EXERCISE = After locating the line that contains "One thing I", transcribe exactly that line and each one after it until the data ends, skipping pictures.

AVAILABLE DATA =
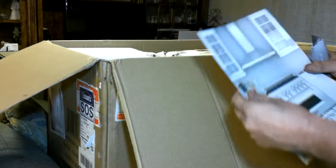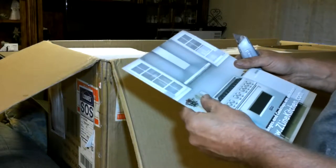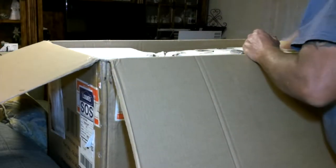Here's some paperwork. Is this the glass one, like you want? Sure? Yeah, it says glass right on the outside of the box. I'm just checking. So we get this piece, which we're not going to need.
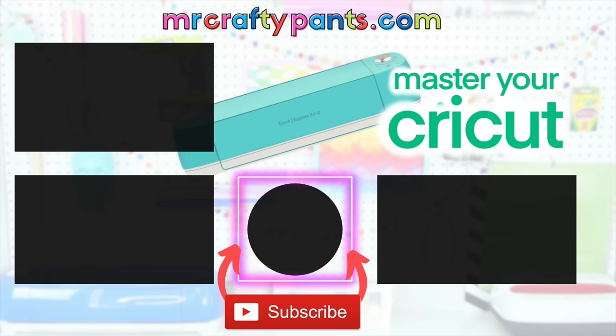Thank you guys so much for watching today's video. I am as always so grateful for each and every single one of you. Until next time, stay crafty!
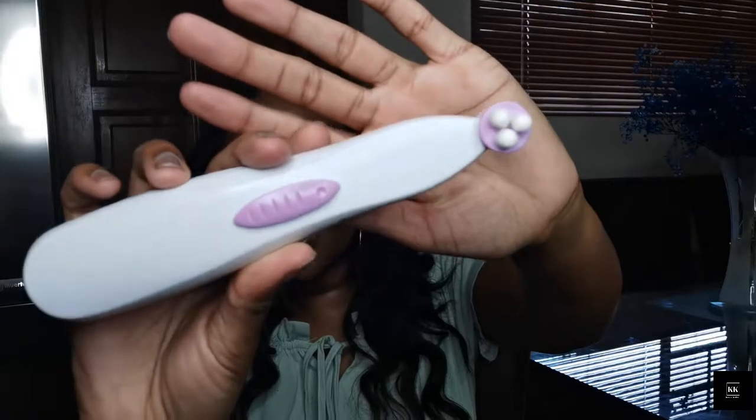One thing I loved about this gadget is that it's not difficult to navigate. You just put in the electronic head and go in with it. The only downside is you cannot adjust the speed — it has just one set speed. But it's 100 rands, so it's accessible for those who are starting out with skincare gadgets.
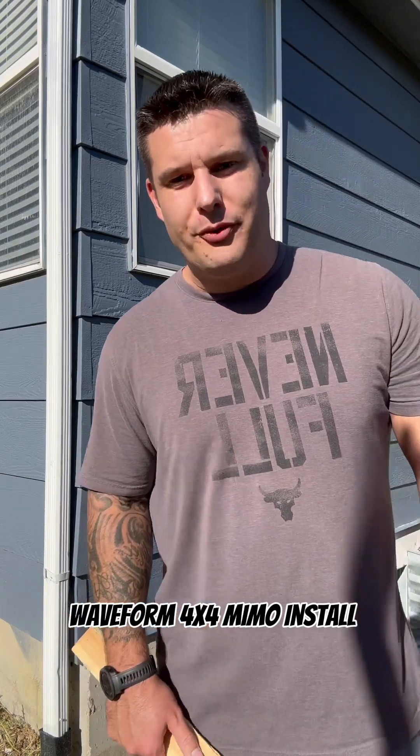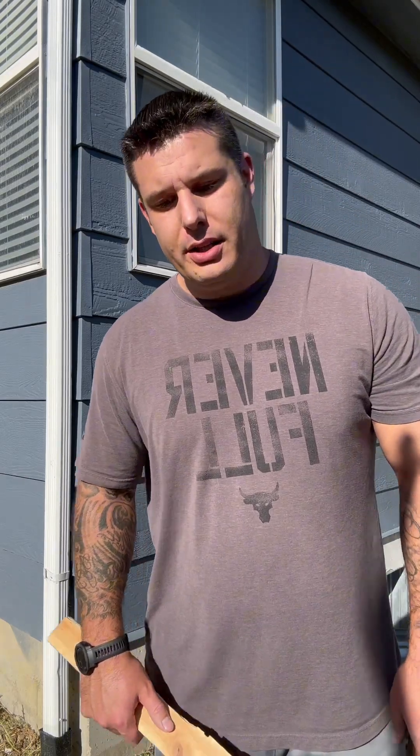Today we're installing a Waveform 4x4 MIMO antenna to see if we can boost our signal for our T-Mobile 5G home internet.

RESULT BELOW =
One thing I loved about this gadget is that it's not difficult to navigate. You just put in the electronic head and go in with it. The only downside is you cannot adjust the speed — it has just one set speed. But it's 100 rands, so it's accessible for those who are starting out with skincare gadgets.
Today we're installing a Waveform 4x4 MIMO antenna to see if we can boost our signal for our T-Mobile 5G home internet.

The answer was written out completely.